Musicians and actors combine to pay tribute to Charlie Parker, in a project conceived in 2015, following the 60th anniversary of Bird’s death. The result is this musical play with lyrics by songwriter David Baerwald. There is passion here, whether it’s in Baerwald’s words, which encapsulate Parker’s style in a way that might have seemed impossible, or the expressive creativity and dynamism of all the musicians. Producer Larry Klein tries to bring a sense of what Parker might have done if he’d been working today.
Perhaps Bird would have gone a different way, but these versions are as good as many reinterpretations of the illusive great man, so many years after his death.
The Passion of Charlie Parker is one of those albums – rare now – which needs to be listened to in track order. Shuffle doesn’t work as it tells the story of the great man and engages with his music. It begins with Meet Charlie Parker, where Madeleine Peyroux puts vocals on Ornithology. The Epitaph of Charlie Parker (The Funeral) is a vocal version of Visa, featuring the vocals of Barbara Hannigan, who plays the part of Parker’s last wife.
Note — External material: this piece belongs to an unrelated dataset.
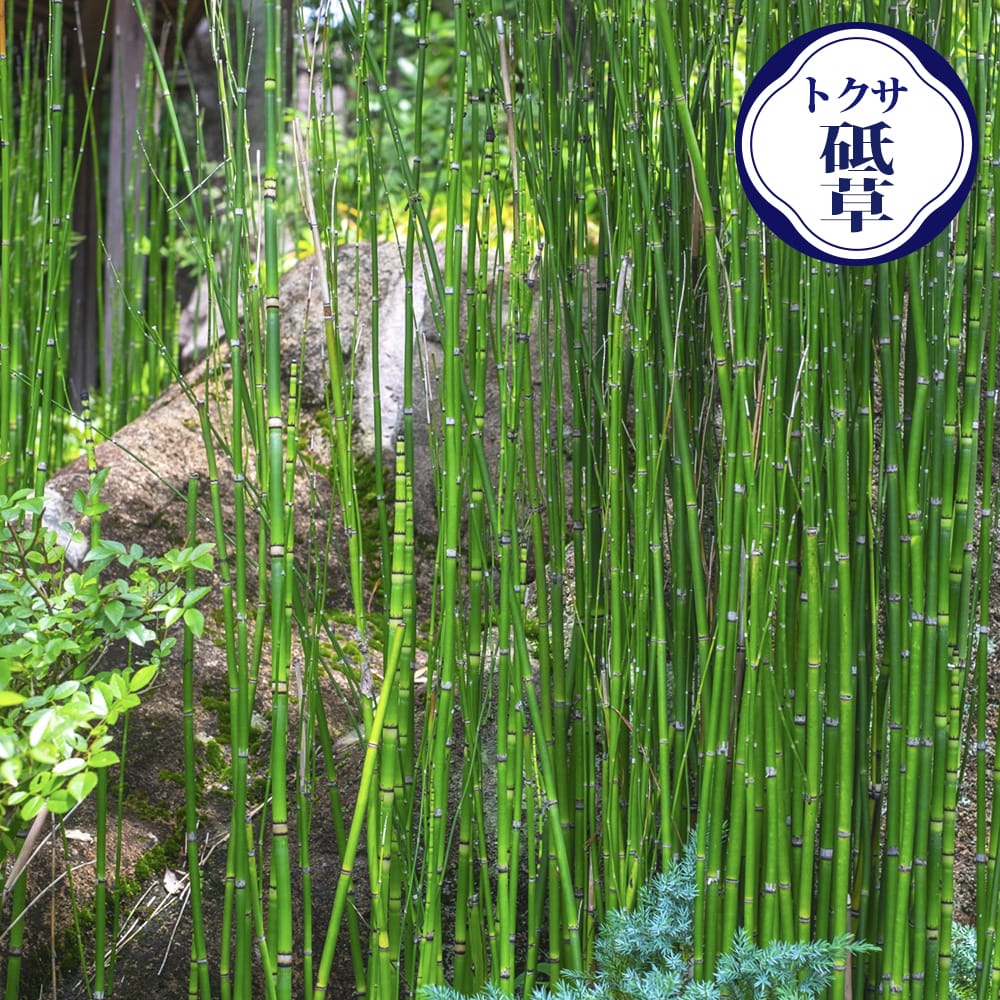 オリーブ　マンザニロ　2 オリーブ マンザニロ 2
Yardbird Suide (A Genius in His Youth) is sung by the ubiquitous Gregory Porter, who shows his bop chops but perhaps provides a path to Parker’s music for those less enamoured of the innovative and sometimes inaccessible great man.
So Long (Exodus to New York City) is a vocal version of KC Blues and the vocals of actor Jeffrey Wright (Casino Royale) meld with the sax before becoming the spoken world. This is where the music and the spoken word really meld and begin to show more of the turbulence of Parker’s life.
Bloomdido is one of Parker’s lesser known tracks and it’s reinvented here as Every Little Thing (The Song of the Acolyte) with vocals by Luciana Souza.
Playing sax on this album was always going to be a tough gig, but it’s a challenge that Donny McAslin meets beautifully, not least on the brief interludes of Central Avenue (A Dark Journey to Los Angeles) and, later, Salle Pleyel (The Journey to Paris). Alongside the other musicians, including drummers Mark Guiliana and Eric Harland, guitarist Ben Monder, pianist Craig Taborn, bassists Scott Colley and Larry Grenadier, the whole album allows today’s musicians to add their own take on Parker’s legacy.
Moose the Mooche is modernised and vocalised by Kurt Elling in Los Angeles (The Dealer’s Song), retaining the original verve and cool. Just as Elling and the other vocalists interpret Bird, so Kandace Springs brings the personal home with Live My Love For You (Chan’s Love Song), based on My Little Suede Shoes.
A darker moment follows, with Fifty Dollars (Angels and Demons), a vocal version of Segment with Jeffrey Wright once more, before Melody Gardot sings the utterly Bird-like Scrapple from the Apple in The King of 52nd Street (Chan’s Declaration).
It’s only fitting that the final track features the sensational Camille Bertault on Apres Vous (The Apotheosis of Charlie Parker), a vocal version of Au Privave. Since her rise to internet fame in 2015, Bertault has mixed the old with the new, scat singing Coltrane’s Giant Steps and Snarky Puppy’s Lingus. She sits well alongside the more established singers on this album in mixing the old with the new to recreate some of Parker’s Passion.